By Iain Gilbert
Date: Tuesday 05 Dec 2023
LONDON (ShareCast) - (Sharecast News) - Property business Tritax EuroBox said its portfolio valuation remained "stable" over the second half of the trading year, with "good momentum" in its disposal programme expected to reduce leverage further.
For the year ended 30 September, rental income was up 17.6% year-on-year at €68.1m, reflecting the full-year effect of prior year acquisitions, rent indexations, asset management, and development activity. Annualised rental income was 2.7% at €74.3m.
However, following the volatility experienced in the first half, Tritax's portfolio valuation was down 14.5% for the year at €1.56bn, while its EPRA net tangible assets per share sunk 26.1% to €1.02 per share. This led to a negative total return of -22.5%.
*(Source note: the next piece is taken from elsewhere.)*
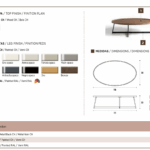Mezzo Coffee / End Table Gallery 2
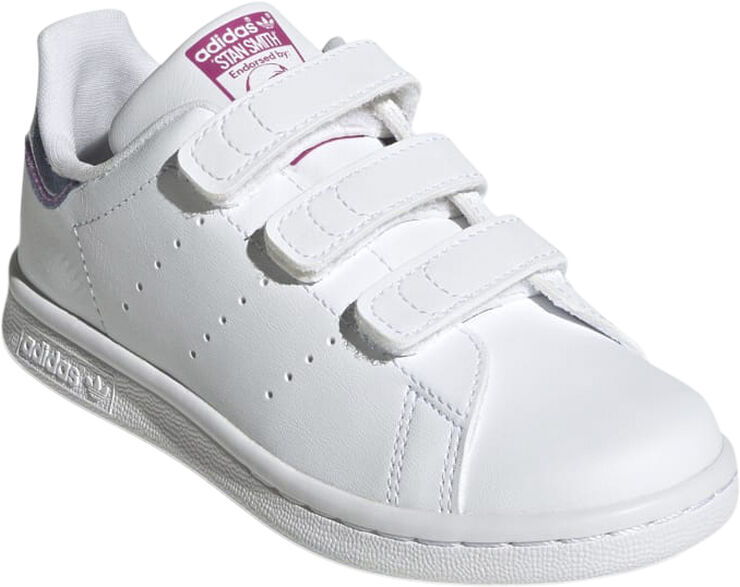 adidas stan smith cf kids Ftwwht/ftwwht/cblack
Adjusted EPS of 5.51 cents were up 30% year-on-year, while the group's dividend per share of 5.00 cents was 110.2% covered by its adjusted EPS for the full year.
Chairman Robert Orr said: "We have not been immune to the rapid increase in interest rates, which has adversely impacted our portfolio valuation over the year.
"While mindful of the ongoing challenging geo-political and macro-economic backdrop, our high-quality portfolio and strong customer base mean the company remains well placed to benefit from the structural tailwinds and favourable underlying market dynamics in the European logistics sector."
As of 0900 GMT, Tritax Eurobox shares were up 0.038% at 56.12p.